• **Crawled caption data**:
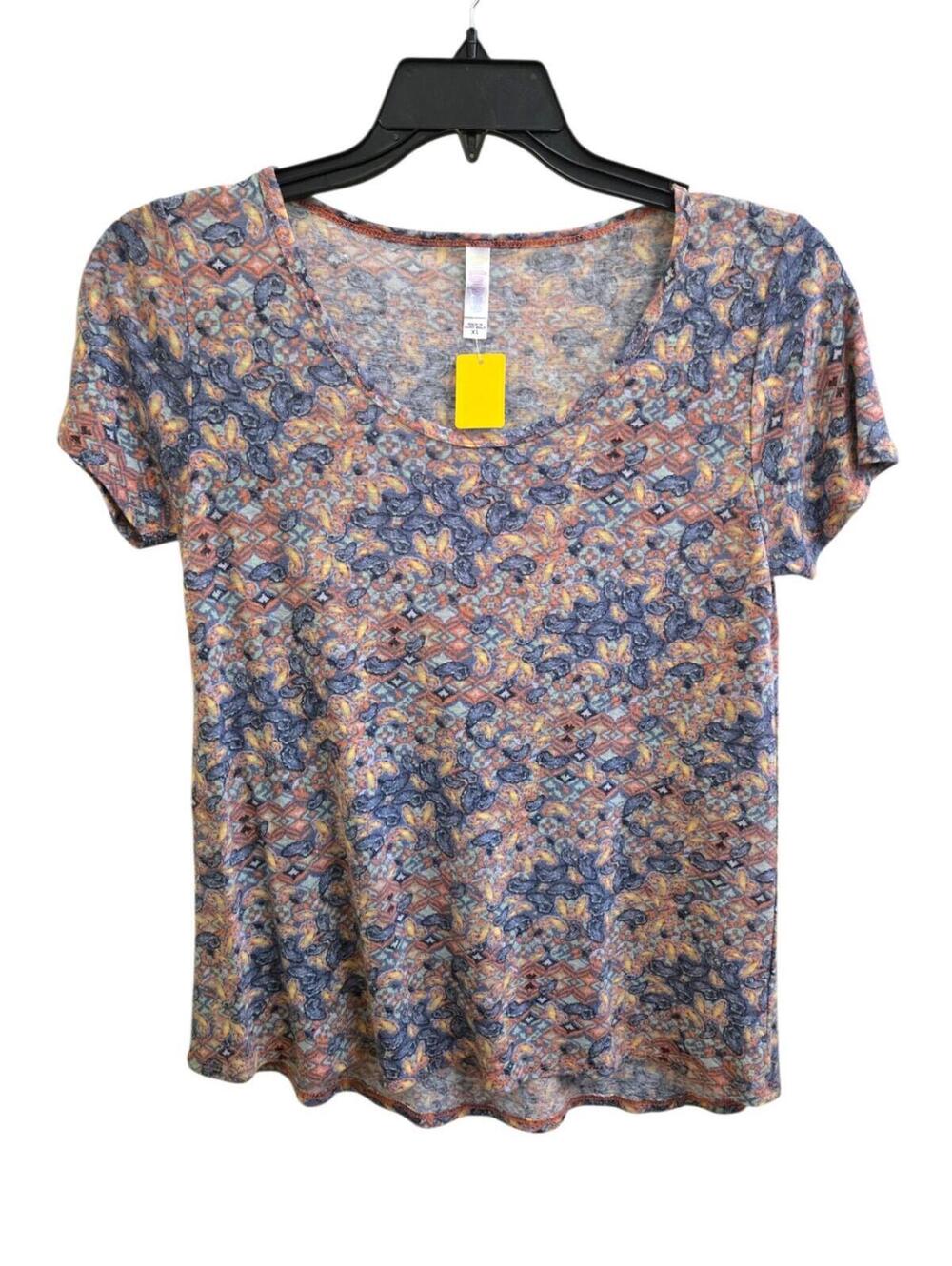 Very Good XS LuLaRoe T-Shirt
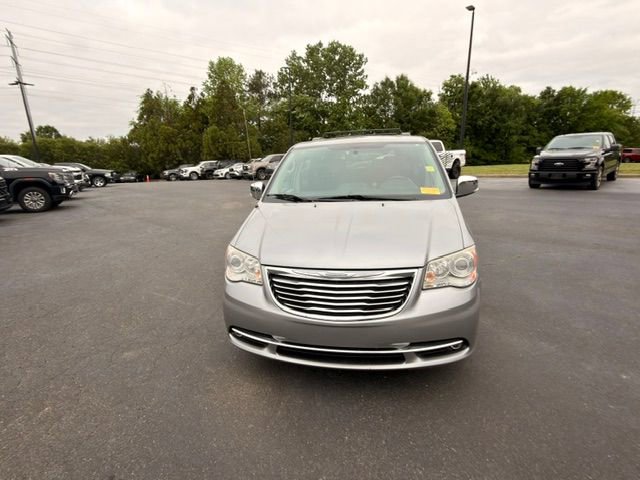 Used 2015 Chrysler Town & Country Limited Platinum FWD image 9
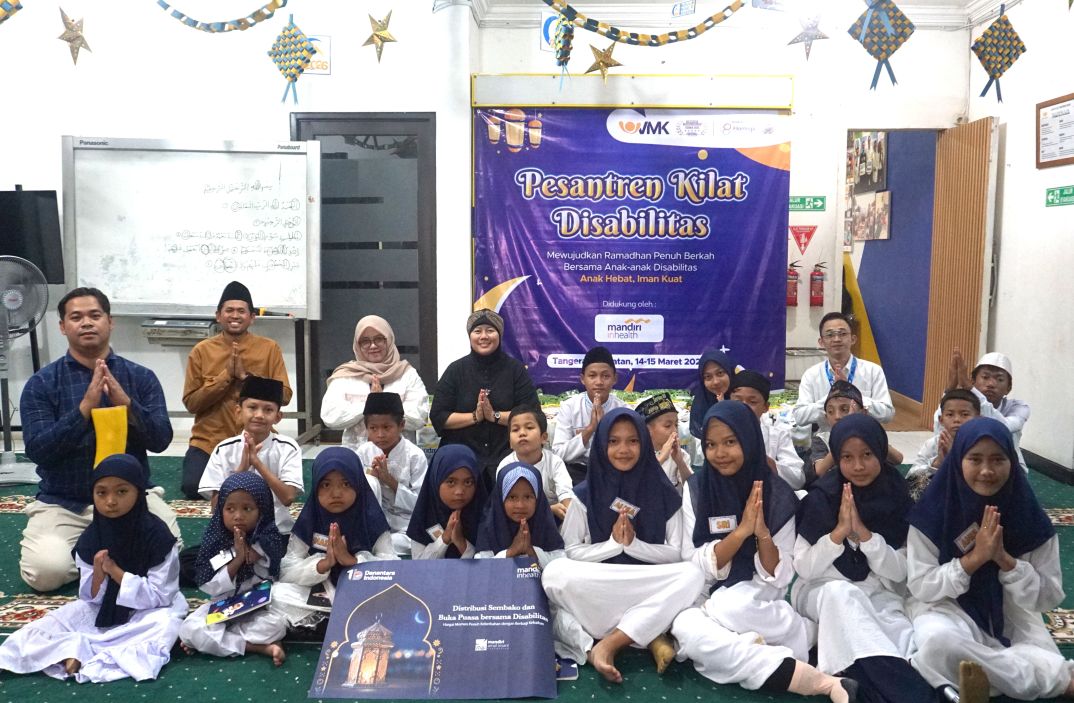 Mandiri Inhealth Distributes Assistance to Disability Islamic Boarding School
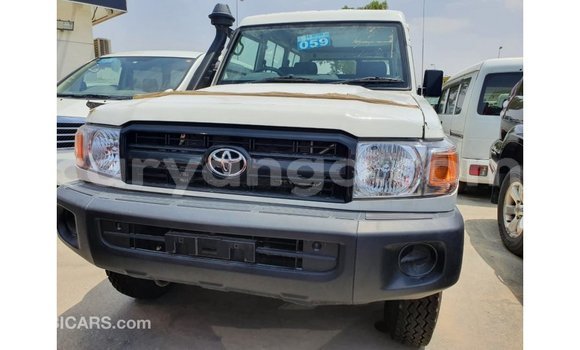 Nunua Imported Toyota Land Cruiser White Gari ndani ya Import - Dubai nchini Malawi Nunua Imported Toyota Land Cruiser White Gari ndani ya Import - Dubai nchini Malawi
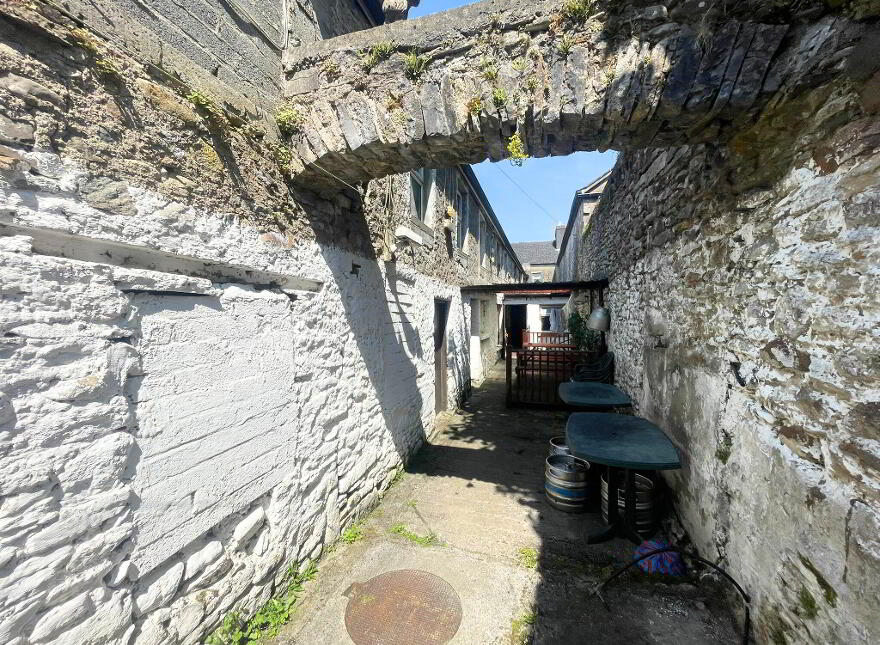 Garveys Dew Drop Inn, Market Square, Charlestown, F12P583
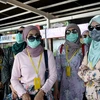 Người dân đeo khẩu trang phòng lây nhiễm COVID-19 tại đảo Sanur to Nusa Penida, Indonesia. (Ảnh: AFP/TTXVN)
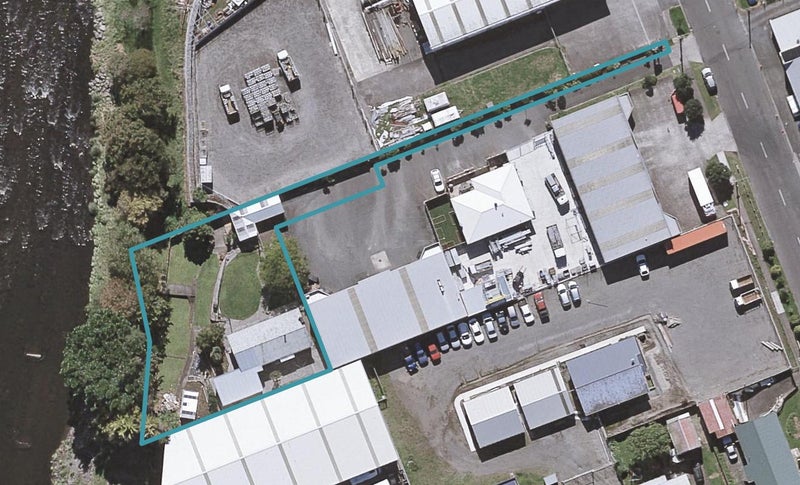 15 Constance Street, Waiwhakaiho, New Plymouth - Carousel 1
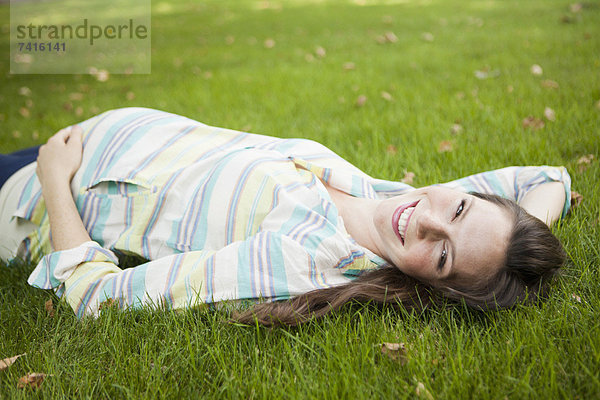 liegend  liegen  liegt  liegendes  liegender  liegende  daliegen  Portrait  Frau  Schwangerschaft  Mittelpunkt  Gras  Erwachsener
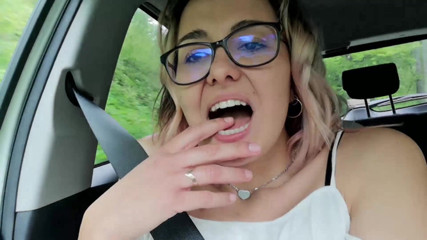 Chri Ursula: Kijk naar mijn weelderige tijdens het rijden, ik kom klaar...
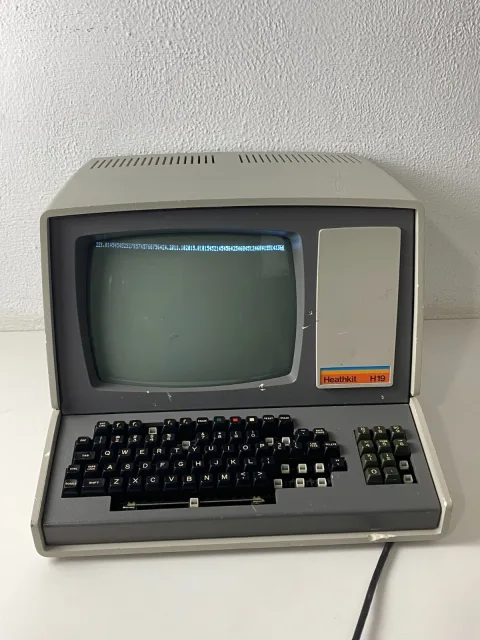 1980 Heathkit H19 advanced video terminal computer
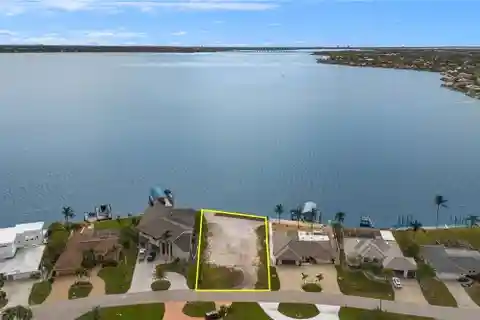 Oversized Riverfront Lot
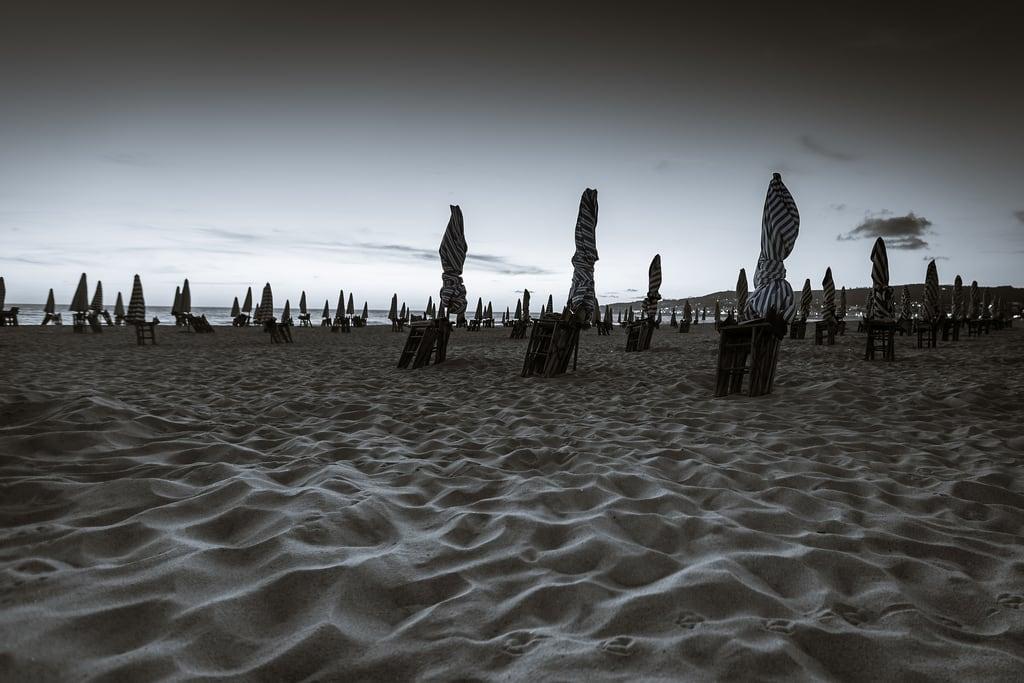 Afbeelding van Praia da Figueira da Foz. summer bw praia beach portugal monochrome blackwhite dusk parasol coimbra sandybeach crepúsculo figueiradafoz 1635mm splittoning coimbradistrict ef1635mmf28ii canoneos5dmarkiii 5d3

• **WHAT YOU WILL DO**: Exclude the pictures and print the rest of the data exactly.

• **COMPLETED TASK**:
 Very Good XS LuLaRoe T-Shirt
 Used 2015 Chrysler Town & Country Limited Platinum FWD image 9
 Mandiri Inhealth Distributes Assistance to Disability Islamic Boarding School
 Nunua Imported Toyota Land Cruiser White Gari ndani ya Import - Dubai nchini Malawi Nunua Imported Toyota Land Cruiser White Gari ndani ya Import - Dubai nchini Malawi
 Garveys Dew Drop Inn, Market Square, Charlestown, F12P583
 Người dân đeo khẩu trang phòng lây nhiễm COVID-19 tại đảo Sanur to Nusa Penida, Indonesia. (Ảnh: AFP/TTXVN)
 15 Constance Street, Waiwhakaiho, New Plymouth - Carousel 1
 liegend  liegen  liegt  liegendes  liegender  liegende  daliegen  Portrait  Frau  Schwangerschaft  Mittelpunkt  Gras  Erwachsener
 Chri Ursula: Kijk naar mijn weelderige tijdens het rijden, ik kom klaar...
 1980 Heathkit H19 advanced video terminal computer
 Oversized Riverfront Lot
 Afbeelding van Praia da Figueira da Foz. summer bw praia beach portugal monochrome blackwhite dusk parasol coimbra sandybeach crepúsculo figueiradafoz 1635mm splittoning coimbradistrict ef1635mmf28ii canoneos5dmarkiii 5d3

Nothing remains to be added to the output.